The Lee-Scottsdale Building at 3756 Lee Road is one of the oldest buildings in the Lee Road commercial district of Shaker Heights. Over the years, visitors to this four-story Romanesque and Renaissance motiffed building located near Shaker Heights' southern boundary line with Cleveland may have noticed and wondered about the meaning of the non-English words that are prominently carved into the stone entrance way to the building: "Uradoven Prvej Katolickej Slovenskej Zenskej Jednoty." The words, written in the Slovak language, translate in English to "Office of the First Catholic Slovak Ladies Association," and they identify the organization which erected the building in 1930.
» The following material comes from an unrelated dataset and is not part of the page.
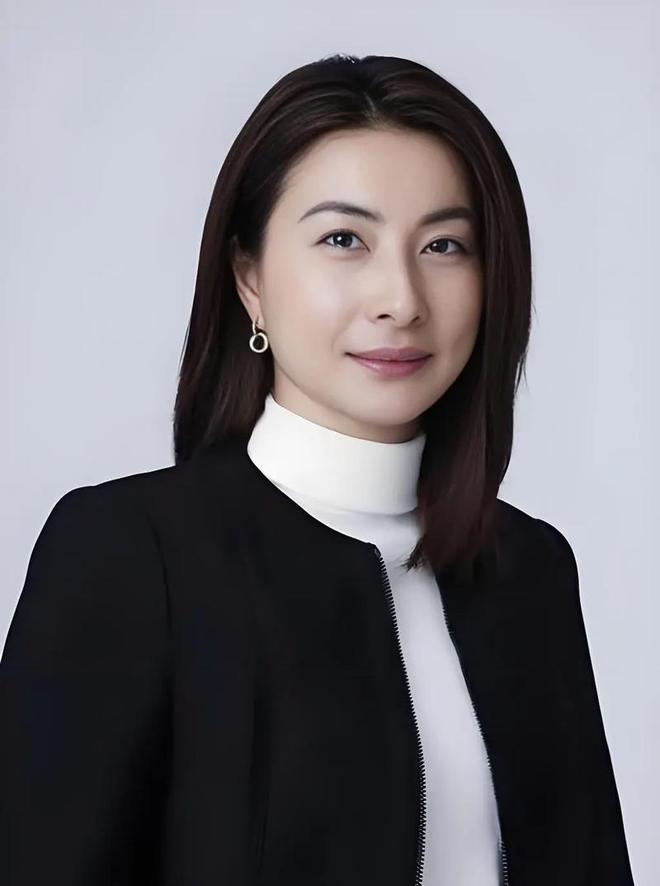 看瓜的老头让小伙暴菊__郭晶晶代言过的广告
The First Catholic Slovak Ladies Association (FCSLA) is one of the oldest still existent ethnic fraternal benefit societies in the United States. It was founded in 1892 by Anna Hurban at St. Ladislas Church, a Slovak Catholic Church located on Holton Avenue in the Buckeye Road neighborhood of Cleveland. Hurban was a Slovak immigrant who had settled in the Slovak ethnic enclave of this southeast side Cleveland neighborhood in the late nineteenth century. The FCSLA was organized to provide insurance benefits to Slovak women who sought financial security from the many environmental risks that faced Slovak immigrants working in and living near the industrial factories that at this time dotted the landscape in Cleveland's Lower Buckeye Road area.

The FCSLA for several decades conducted its business out of the homes of the women who served in the organization's various executive positions. However, in the 1920s, the organization's leadership decided that it was important to the organization's efficiency to establish a central office. In 1929, land was purchased on the southwest corner of Scottsdale and Lee Roads and the architectural firm of Fox, Duthie and Foose was hired to design a headquarters building for the FSCLA. Construction of the building began in 1929 and was completed in 1930.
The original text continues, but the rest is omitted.